## Goal of the exercise
Exactly what is written in the records below should be returned, minus the images.

**** Input records

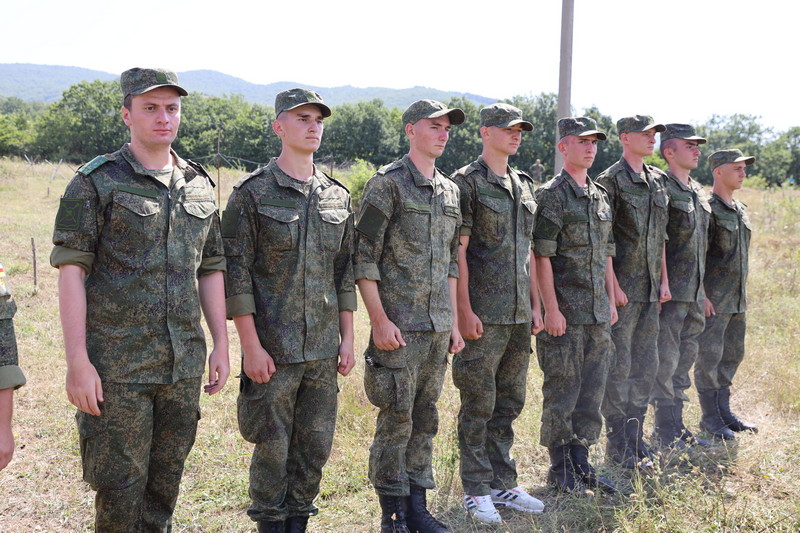 8c37phlb. Алан Гаглоев посетил учебный центр военной подготовки «Барс»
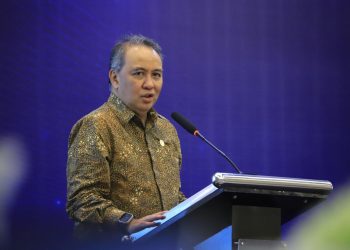 epala Eksekutif Pengawas Perilaku Pelaku Usaha Jasa Keuangan OJK Dicky Kartikoyono saat membuka Australia-Indonesia Anti-Scam Workshop di Jakarta. (Dok: Humas OJK)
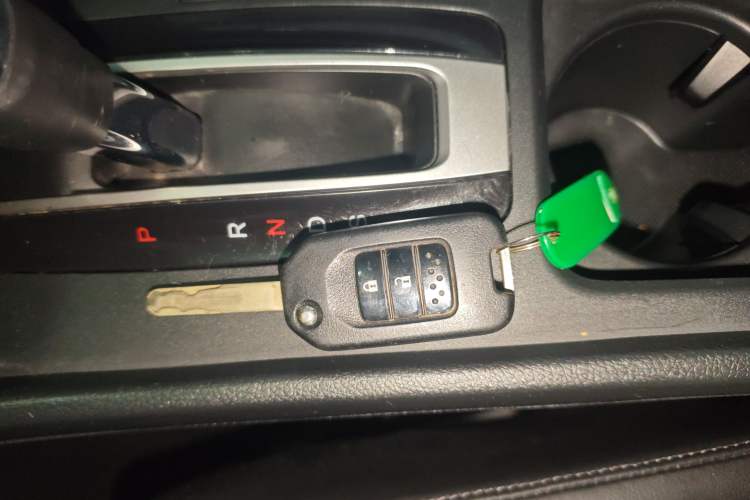 Used Honda Jade 2013 1.8L automatic Comfort version 5 seats Interior 1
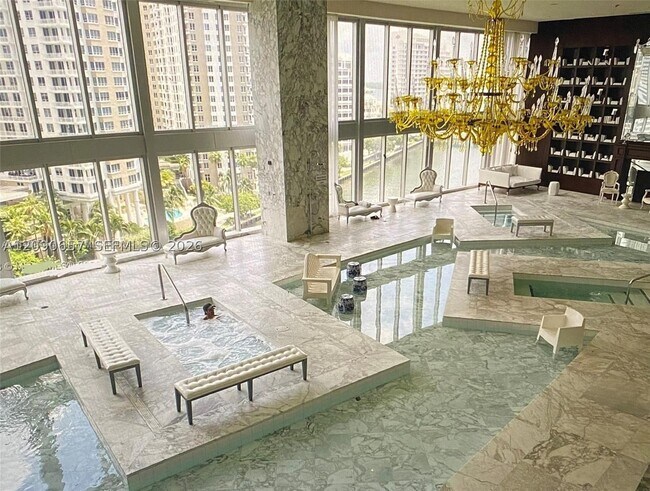 Building Photo - 475 Brickell Ave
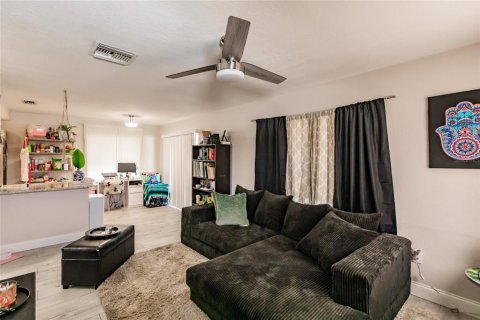 Immobilier commercial à vendre à Punta Gorda, Floride: 155.7 m2 № 621134 - photo 8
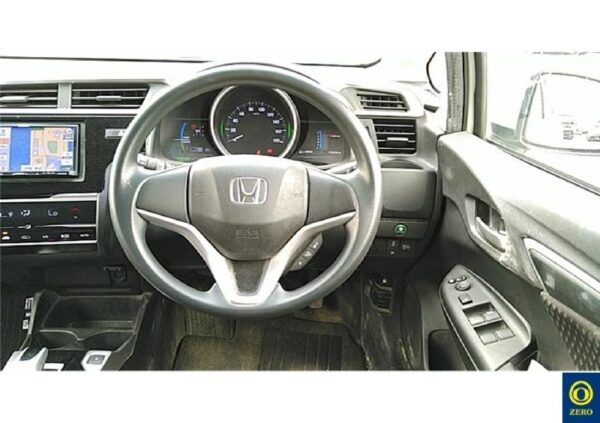 2017 Honda Fit Hybrid - Image 5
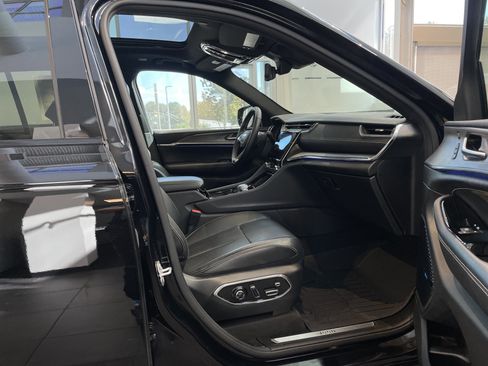 Used 2023 Jeep Grand Cherokee Overland w/ Advanced Protech Group III image 38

********

## Answer section
 8c37phlb. Алан Гаглоев посетил учебный центр военной подготовки «Барс»
 epala Eksekutif Pengawas Perilaku Pelaku Usaha Jasa Keuangan OJK Dicky Kartikoyono saat membuka Australia-Indonesia Anti-Scam Workshop di Jakarta. (Dok: Humas OJK)
 Used Honda Jade 2013 1.8L automatic Comfort version 5 seats Interior 1
 Building Photo - 475 Brickell Ave
 Immobilier commercial à vendre à Punta Gorda, Floride: 155.7 m2 № 621134 - photo 8
 2017 Honda Fit Hybrid - Image 5
 Used 2023 Jeep Grand Cherokee Overland w/ Advanced Protech Group III image 38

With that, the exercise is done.